San Francisco için planlarımızın sonuncusu olan yine SF kadar ünlü Vermont Street idi. 
Fakat haritada aynı yapıda Lombard Street'i de görmüş olduğumuzdan ikisini de görmek istedik. Önce şehrin sakin iç mahallelerinde araba ile tur atıp, güzel evlerin arasındaki Alamo Square Park'ta kısa bir yürüyüş yaptıktan sonra Lombard Street üzerindeki, bizim Varyant'ın daha sıkılaştırılmış ve çiçeklerle süslenmiş bir versiyonu olan taş yoldan araba ile geçip, aşağıda da hatıra fotoğrafı çektirdik. Yine de görmeden gitmeyelim diye, zaten yolumuzun üzerinde olan Vermont Street'e de uğradık.

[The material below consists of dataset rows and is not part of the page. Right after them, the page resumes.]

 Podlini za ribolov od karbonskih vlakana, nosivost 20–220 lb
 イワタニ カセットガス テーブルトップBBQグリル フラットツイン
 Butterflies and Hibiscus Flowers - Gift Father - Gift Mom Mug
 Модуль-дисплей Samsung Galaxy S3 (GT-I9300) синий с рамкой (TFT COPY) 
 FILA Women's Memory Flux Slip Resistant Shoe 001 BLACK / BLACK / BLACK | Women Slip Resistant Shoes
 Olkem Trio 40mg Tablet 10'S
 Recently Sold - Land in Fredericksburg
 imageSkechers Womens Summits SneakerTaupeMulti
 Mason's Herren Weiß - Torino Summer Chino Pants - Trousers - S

Girişte belirttiğimiz plana sadık kalarak saat 14:30 gibi Treasure Island'ın da üzerinden geçen 80 numaralı köprülü yol ile Oakland'ın içerisinden geçerek 5 numaralı otoyola bağlandık. Genelde de bilindiği üzere San Francisco ve çevresi teknoloji ve internet şirketlerinin merkezleri ile dolu; Google, Oracle, Facebook vb.. Kısıtlı zamanımızda ve çok da merak etmediğimiz binaları gezmeden ayrıldık. Yol üzerinde dünyanın veri tabanı devi Oracle bizi uğurladı.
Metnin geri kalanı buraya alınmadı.